The last Philadelphia City Paper will be in orange boxes all over the city come Thursday morning, and when those copies become fishwrap, urban tumbleweeds, and sidewalk blankets, City Paper will be gone forever. Even its web identity, citypaper.net, may disappear, though the new owners are now saying they’ll preserve the archives.
I’m no expert in detailing how newspapers, particularly free independents, are struggling because of the recession (which only Wall Street has recovered from) and/or due to Internet competition. I realized years ago that Philadelphia could no longer support two free papers — Philadelphia Weekly survives, a shadow of what it used to be — and that, at some point, one or both would go.

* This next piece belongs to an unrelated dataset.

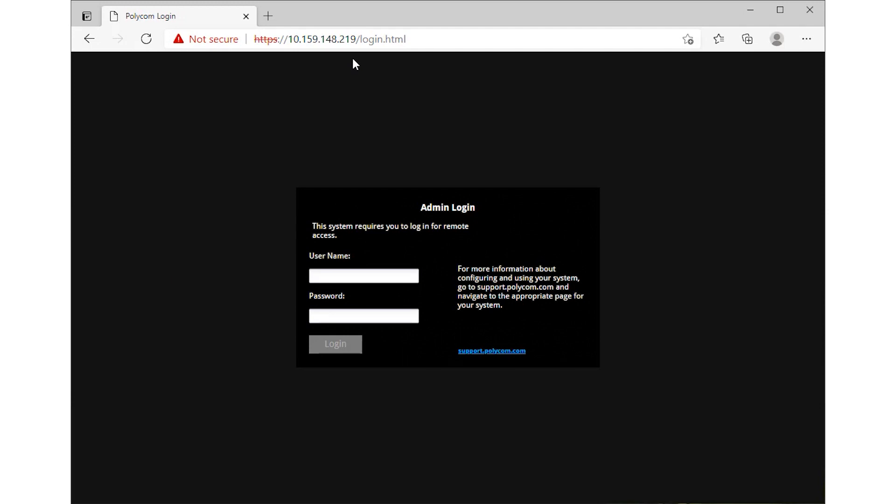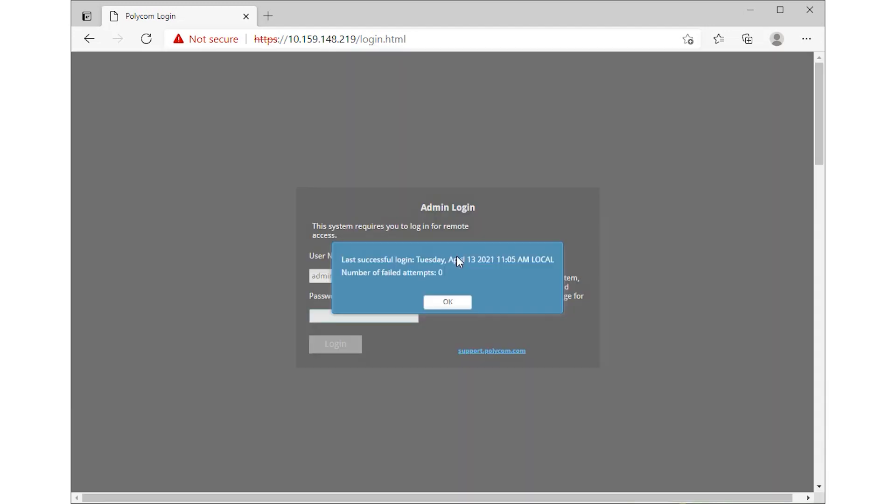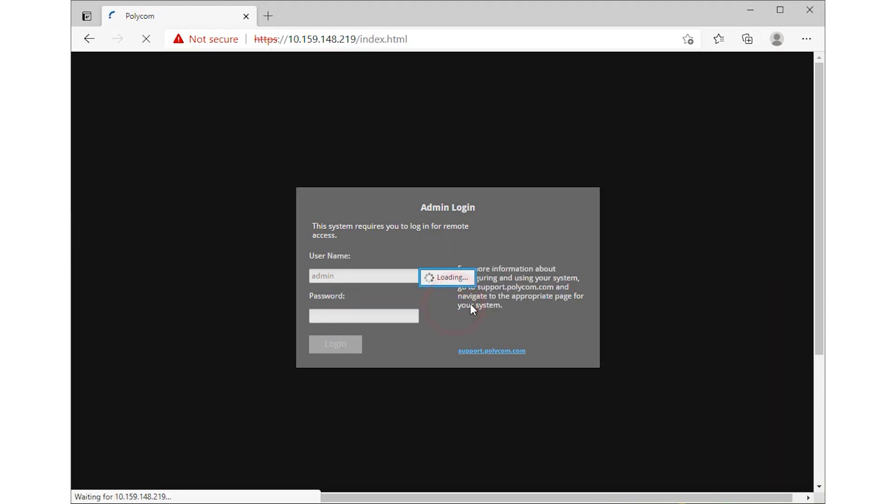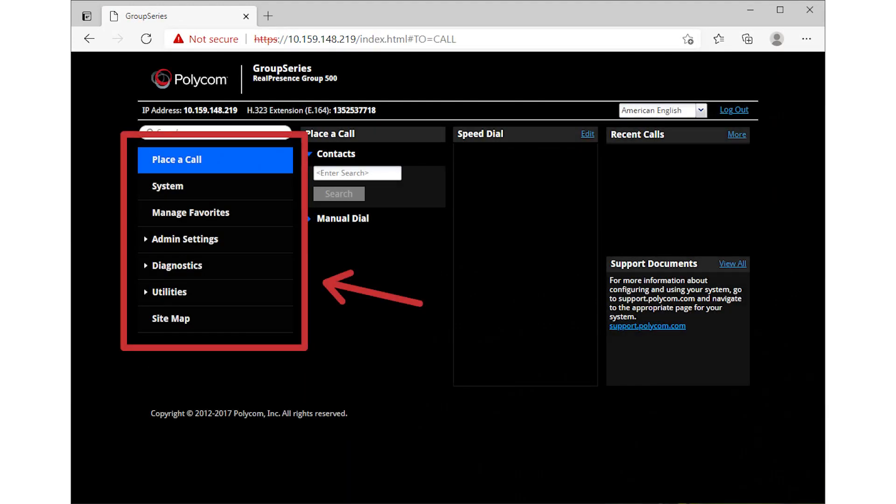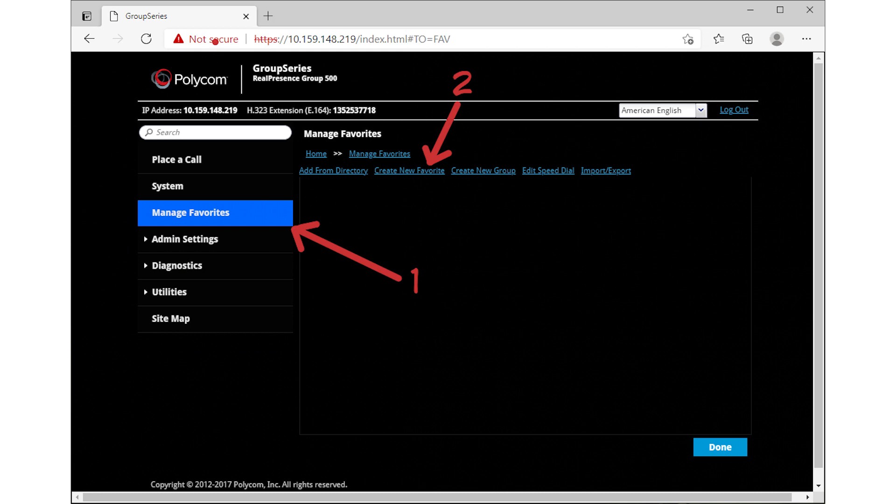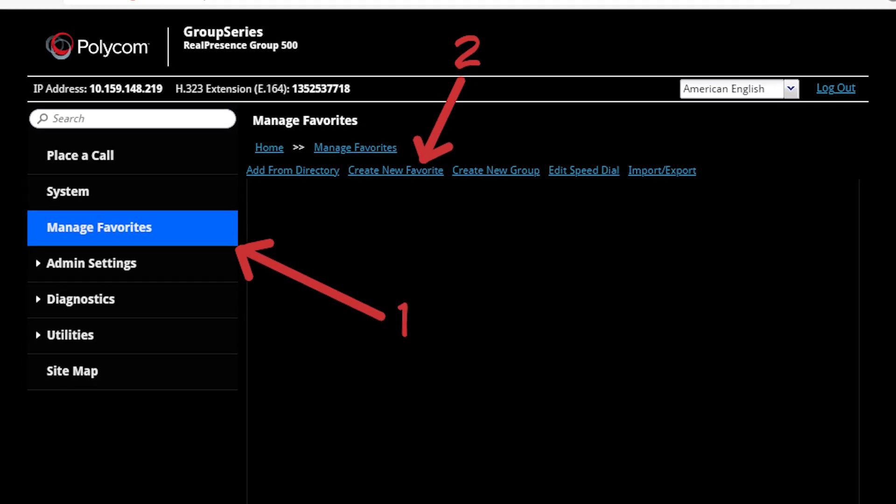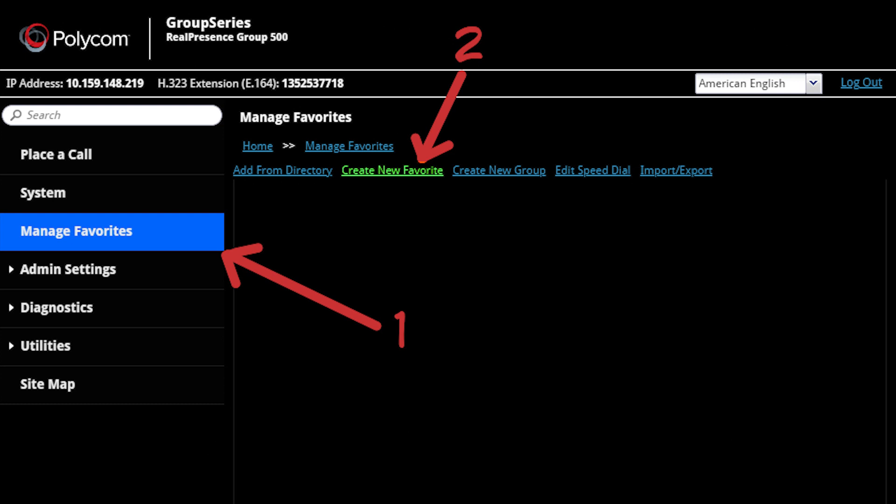You will be prompted for the admin credentials of the unit. These are the same admin credentials as signing into the Polycom unit. Using the navigation pane on the left of the web interface, select Manage Favorites. This is where you can make the contact list. Select Create New Favorite.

Few expected City Paper to fold first, however, and everyone was taken by surprise by how suddenly: Broad Street Media (Philadelphia Weekly’s publisher) purchased the paper from Metro, which had owned it for about a year, on September 30 and immediately shut it down. Full-time staffers learned their fate from a press release. The October 1 issue was already finished; the October 8 issue is our last.
I received the news through, of course, Facebook. For the first time in nearly ten years, I can no longer call myself “City Paper theater critic.”
A few theater critics more or less probably don’t matter, though our numbers actually won’t fall. My fellow CP critic, David Anthony Fox, announced “I’m Still Here” last week on his blog, RecliningStandards.org, where he writes about theater, opera, television, and more.
I’m happy to say that I’m still here too — at Broad Street Review!
Theater covered and uncovered
Being reviewed by City Paper meant something, which I knew even before I joined the staff in 2006, when I worked with the now-gone Brick Playhouse on South Street and we nagged David, Toby Zinman, and Cary Mazer to see our low-budget productions in our tiny second-floor theater. Sometimes they did, making our work a little more real and visible, whatever their opinions.
I hope that during my tenure at CP, we gave a boost to small companies and local theater in general. A lot of theaters have sprouted up over the past decade, and I was proud to chronicle their work. My biggest fear now is that coverage will diminish as papers die (Philadelphia Weekly perseveres, but shed longtime theater critic J. Cooper Robb two years ago.)
All I can do is try to balance these losses with my own small contributions. I hope to write not only reviews of theater productions for BSR, but also essays comparing and contrasting shows and discussing larger trends and issues in local and national theater. I might even write some book reviews and previews pointing theatergoers toward what’s new and exciting — and there’s always plenty of that.
I’ll miss seeing my reviews in print — and, given that BSM might delete City Paper’s online archives, I’m glad that I saved everything I wrote the old-fashioned way, little yellowing scraps of newsprint stuffed in folders. City Paper had a tangible weight, a satisfying crackle, and a fresh print smell that we’ll never know again.
I’ve already experienced the thrill of seeing my work published in BSR’s bright, clean, eye-friendly format, however, and enjoy the ease of instantly sharing it with friends on Facebook, the modern equivalent of door-to-door delivery.
Someday, I imagine, I’ll tell bored youngsters reverent tales about the sensory bliss of “real” newspapers. They’ll insist that “real” is not ink stains on processed wood pulp, but pictures on a glowing screen, images floating holographically before their eyes, or condensed thoughts beamed directly into their skulls. I’ll reluctantly admit, it’s better in so many ways.
And yet, I’ll fondly remember these good old days.